Increased financial compensation is one way of covering the losses not captured by market value, but compensation can also be non-financial. In the case of the now aborted East-West road link in Melbourne, the state government offered general counselling, including specific support to help parents with kids move schools. Ms Rao says governments could routinely offer individualised support to help people find new properties. This could involve assigning them an advising agent perhaps. Such support she says could be particularly important to the elderly.
“There is criticism that adopting a more personal approach like this would be very time consuming, but I don’t think it would be as time consuming as the courts.”
Beyond compensation, she says much of the heartache could be taken out of compulsory acquisition if governments and developers are made more accountable to the individual people affected. Governments and developers need to be made to genuinely consult with affected communities well before work starts, and actually act in some way on their concerns. Too often she says such consultation proves to be little more than lip service.
In Scotland, she encountered an enormous sense of powerlessness and frustration among her interviewees who told her that their warnings about a road project and damage to a local lake had been simply ignored. “The wives of two men I interviewed told me separately they were worried that the ongoing frustration was making their husbands impatient and argumentative at home. So, these intangible losses have become very real to them.”

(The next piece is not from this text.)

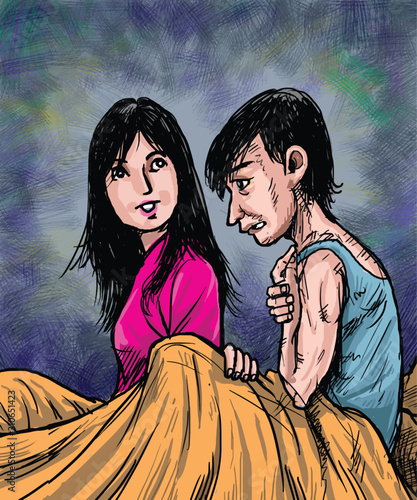 Illustration of the couple wake up at night after nightmare dream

Originally an urban planner, Ms Rao first became worried about how unfairly people were treated when working on a new urban development in India. “Whenever I went down to the site I saw farmers using temporary access routes to move cattle between fields and I knew that soon these would be taken away.
“I know the importance of these projects, but the more I speak with affected people, the more I understand that we have to get much fairer in how we compensate people and become more inclusive in how we pursue developments.”